● Required action: Repeat, exactly as written, the line with "Shhh! I'm Hunting" and every line that follows it in the material below, ending with the last.

● Dataset extract:
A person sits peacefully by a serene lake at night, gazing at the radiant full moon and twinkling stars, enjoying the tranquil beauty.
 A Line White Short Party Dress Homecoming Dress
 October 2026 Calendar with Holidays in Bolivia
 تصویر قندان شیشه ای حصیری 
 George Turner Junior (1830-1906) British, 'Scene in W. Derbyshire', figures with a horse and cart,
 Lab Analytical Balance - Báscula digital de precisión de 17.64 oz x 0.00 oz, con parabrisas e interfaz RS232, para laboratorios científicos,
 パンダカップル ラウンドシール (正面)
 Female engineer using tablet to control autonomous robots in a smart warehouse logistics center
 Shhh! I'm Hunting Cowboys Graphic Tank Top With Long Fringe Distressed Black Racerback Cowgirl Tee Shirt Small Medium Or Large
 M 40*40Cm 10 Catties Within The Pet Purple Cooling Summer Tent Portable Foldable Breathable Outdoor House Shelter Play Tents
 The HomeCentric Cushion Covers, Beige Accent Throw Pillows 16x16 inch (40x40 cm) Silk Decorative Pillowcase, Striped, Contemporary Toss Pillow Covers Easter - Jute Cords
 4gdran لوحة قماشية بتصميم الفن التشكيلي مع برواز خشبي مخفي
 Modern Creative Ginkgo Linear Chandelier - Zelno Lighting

● Answer to this exercise:
 Shhh! I'm Hunting Cowboys Graphic Tank Top With Long Fringe Distressed Black Racerback Cowgirl Tee Shirt Small Medium Or Large
 M 40*40Cm 10 Catties Within The Pet Purple Cooling Summer Tent Portable Foldable Breathable Outdoor House Shelter Play Tents
 The HomeCentric Cushion Covers, Beige Accent Throw Pillows 16x16 inch (40x40 cm) Silk Decorative Pillowcase, Striped, Contemporary Toss Pillow Covers Easter - Jute Cords
 4gdran لوحة قماشية بتصميم الفن التشكيلي مع برواز خشبي مخفي
 Modern Creative Ginkgo Linear Chandelier - Zelno Lighting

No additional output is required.